Short text fragments from websites:
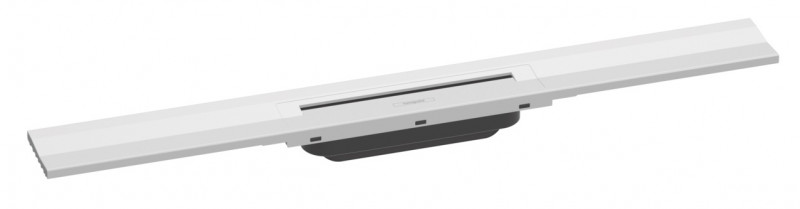 Hansgrohe RainDrain Flex Element zewnętrzny odpływu 700 z możliwością przycięcia do montażu przy ścianie biały matowy 56050700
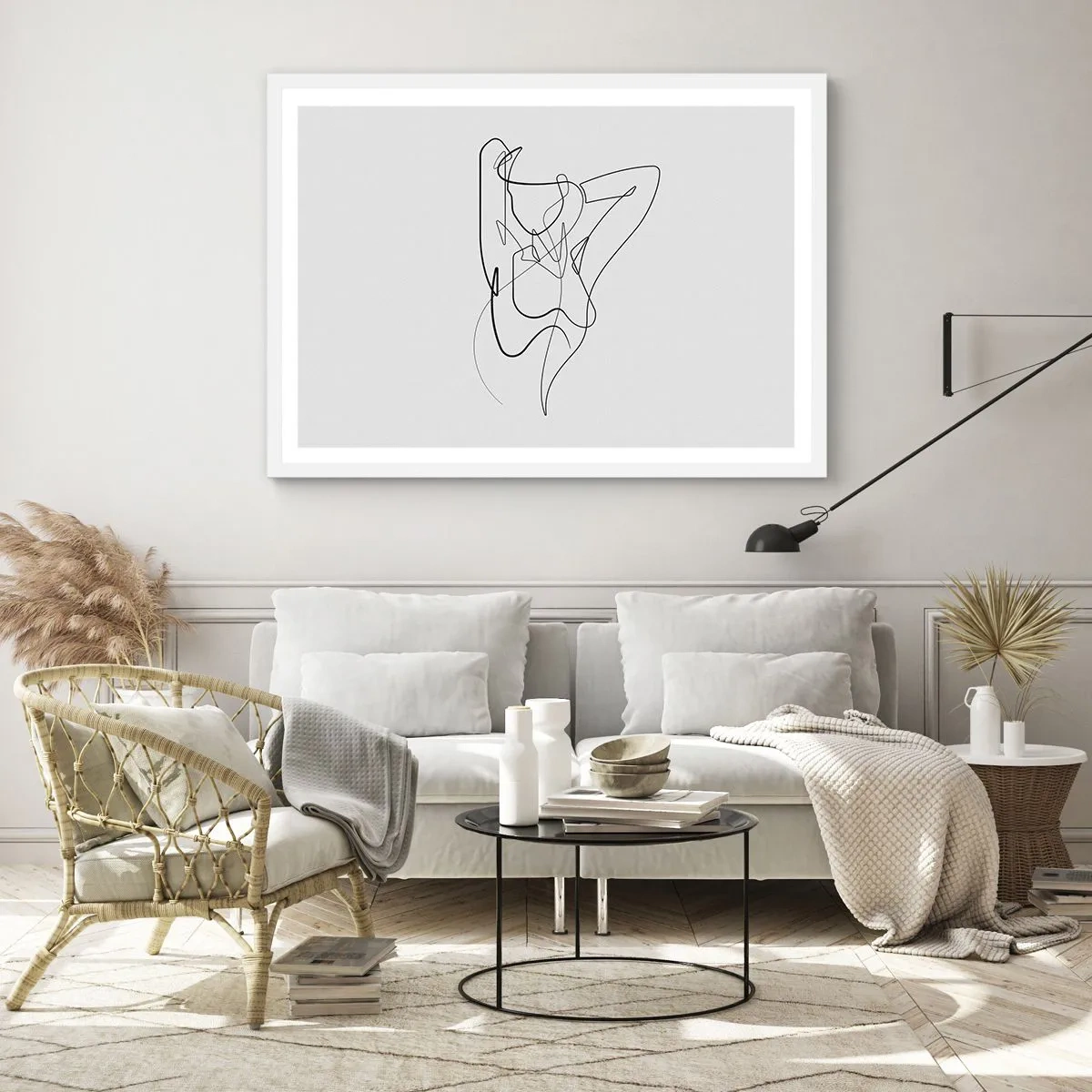 Plagát v bielom ráme - Ty si záhada… - 50x40 cm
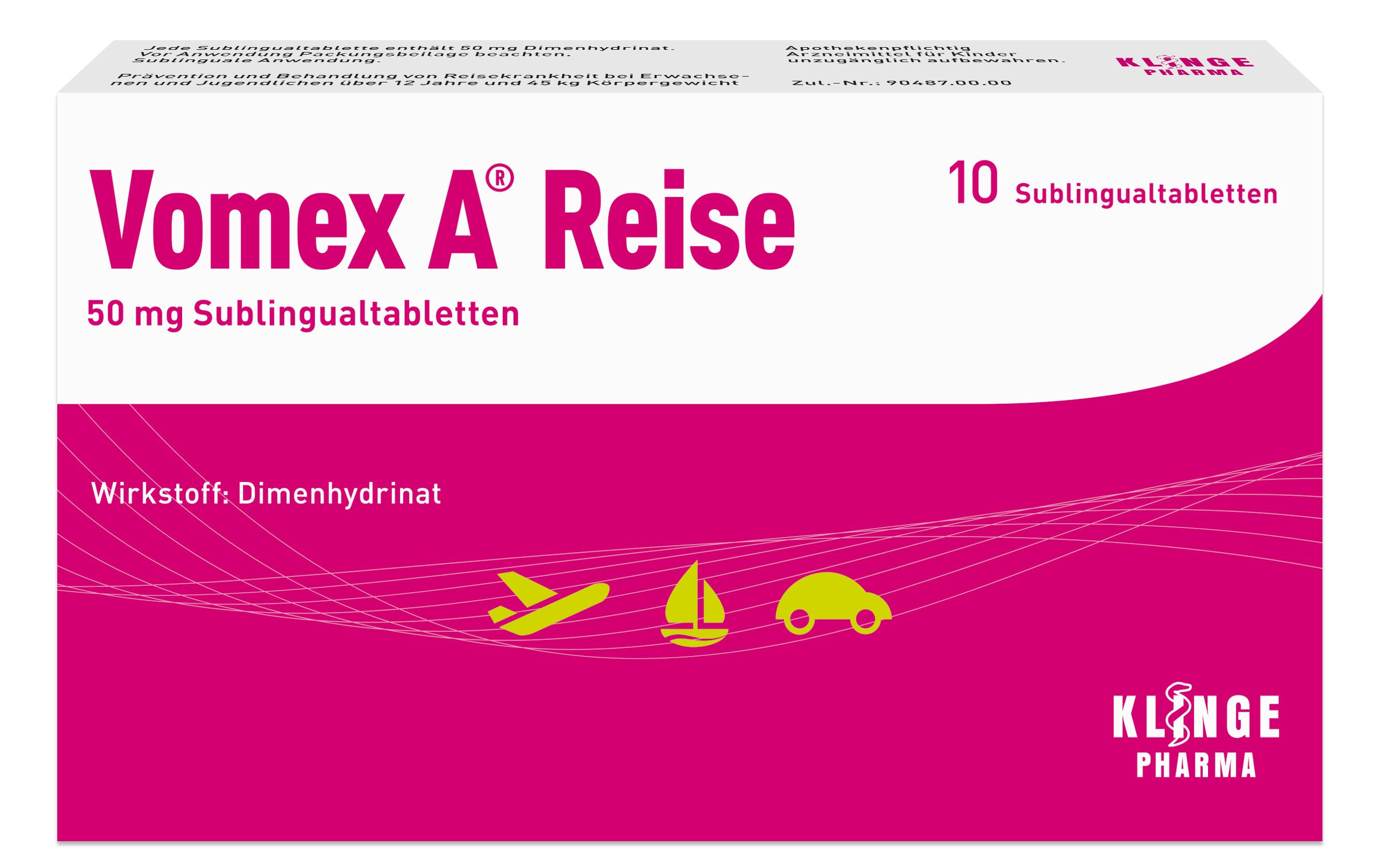Vomex A Reise 50 mg Sublingualtabletten 10 St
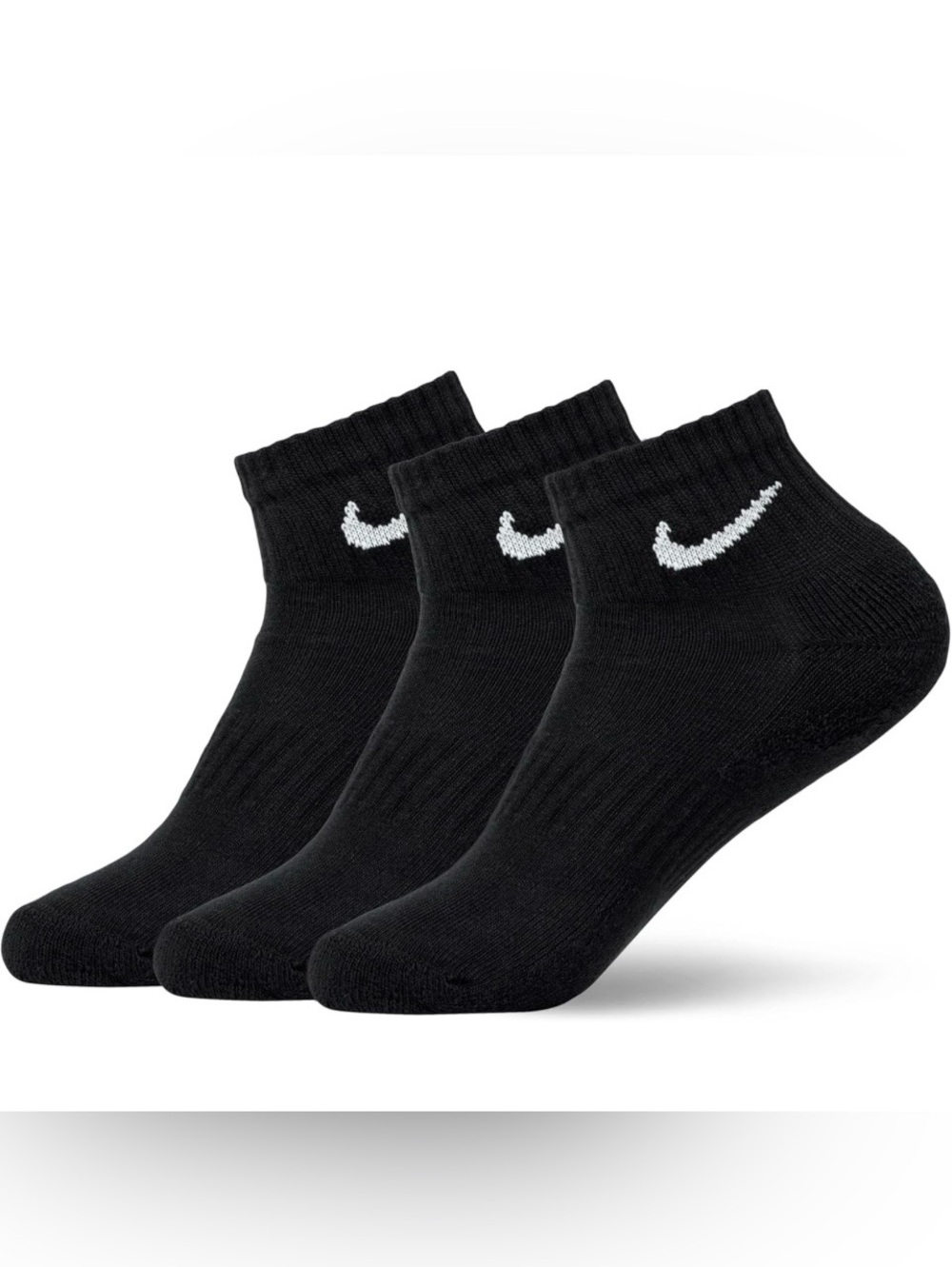 Nike Unisex Adult Everyday Cushioned Training Ankle Socks (3-Pack)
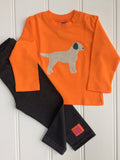 Baby Labrador – Long Sleeved T-shirt - Orange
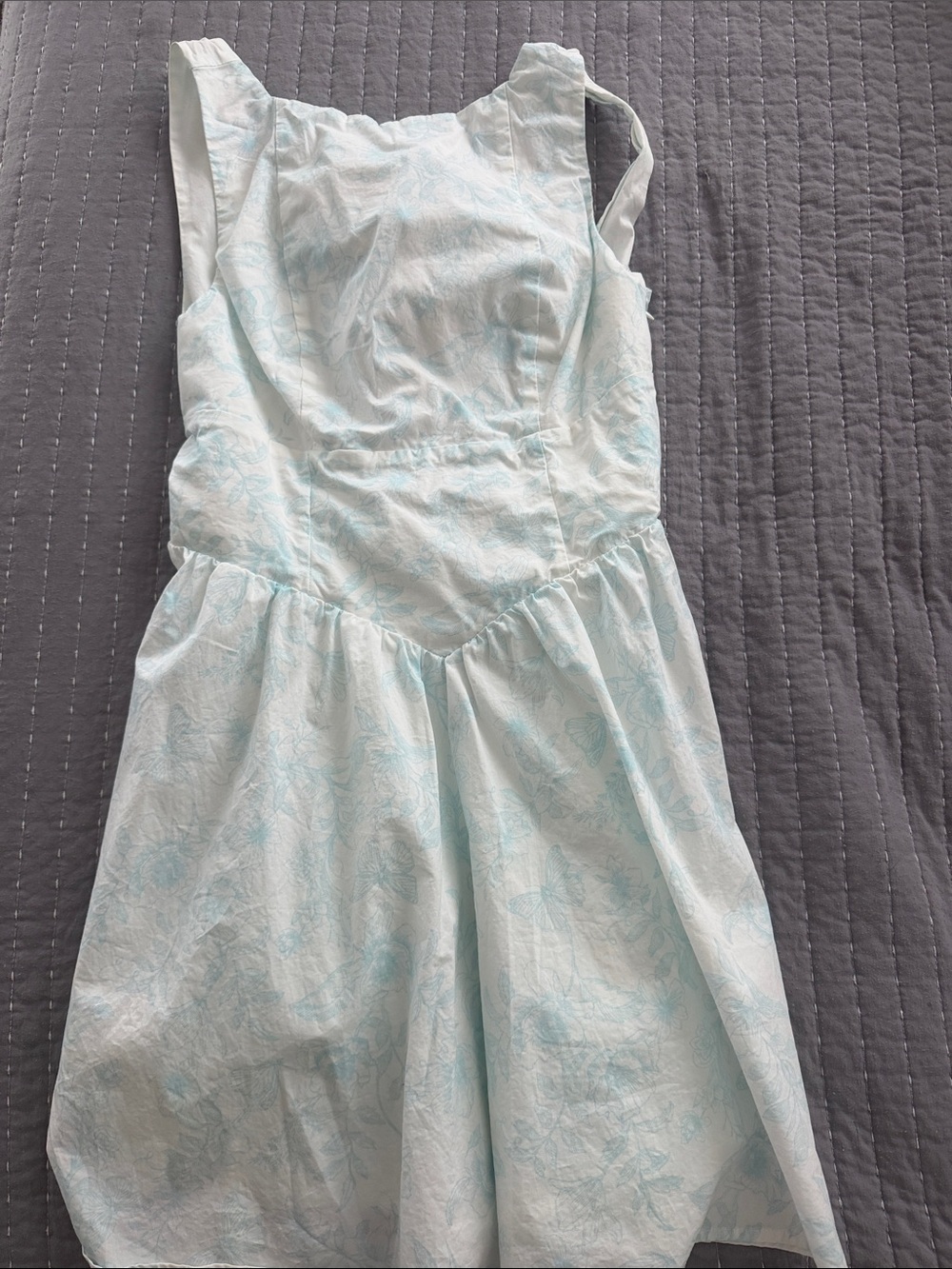 SIZE SMALLwild fable Light Blue Floral Backless Sundress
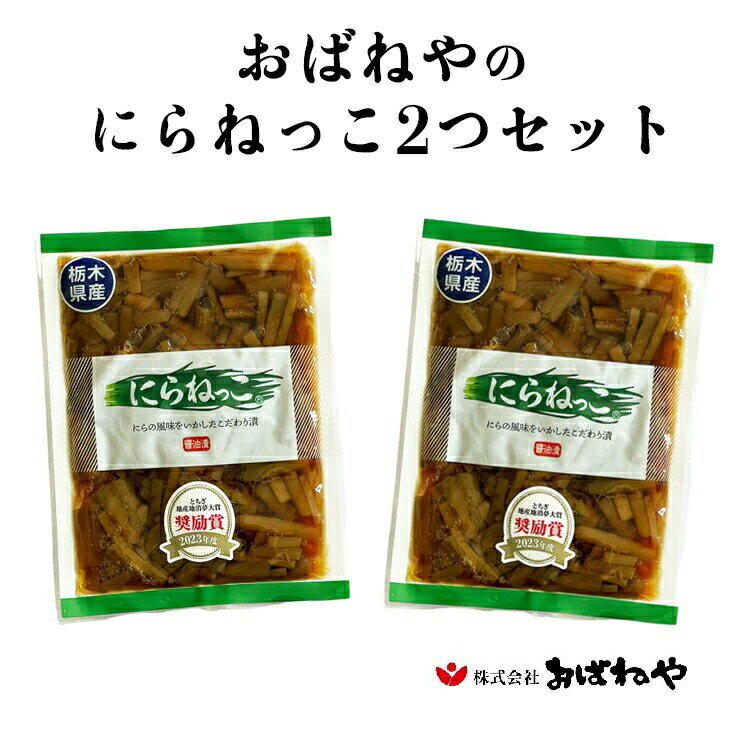 【エントリーでポイント10倍】にらねっこ 130g×2袋セット おばねや 国産 栃木県産 にら漬け  ...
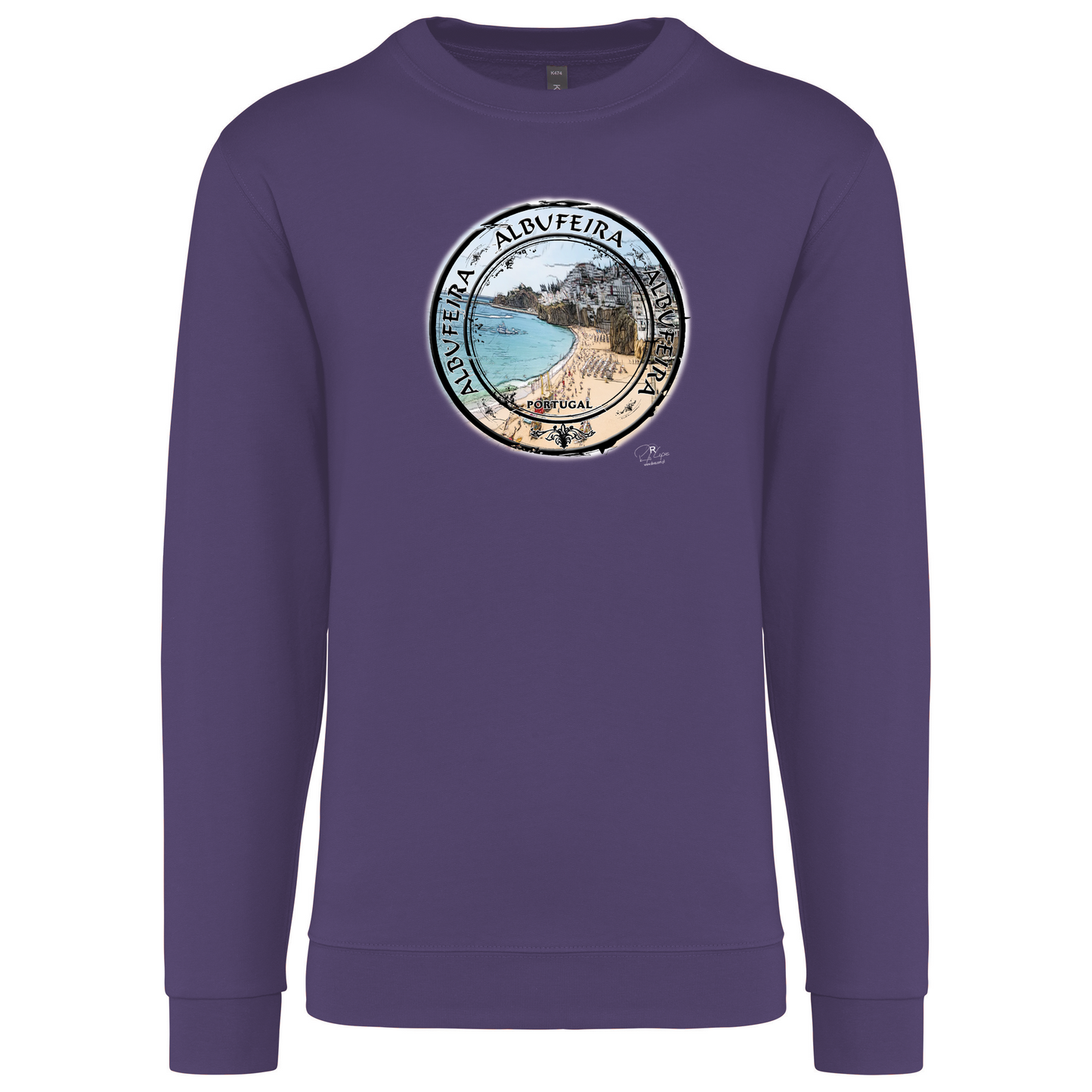Sweatshirt Kariban sem Capuz Selo Albufeira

WORK TASK →
Nothing but the lines from the line containing "Vomex A Reise 50 mg Sublingualtabletten 10 St" through the end of the records belongs in the answer, written out exactly, both ends included, without pictures.

SOLUTION TO THIS EXERCISE →
Vomex A Reise 50 mg Sublingualtabletten 10 St
 Nike Unisex Adult Everyday Cushioned Training Ankle Socks (3-Pack)
 Baby Labrador – Long Sleeved T-shirt - Orange
 SIZE SMALLwild fable Light Blue Floral Backless Sundress
 【エントリーでポイント10倍】にらねっこ 130g×2袋セット おばねや 国産 栃木県産 にら漬け  ...
Sweatshirt Kariban sem Capuz Selo Albufeira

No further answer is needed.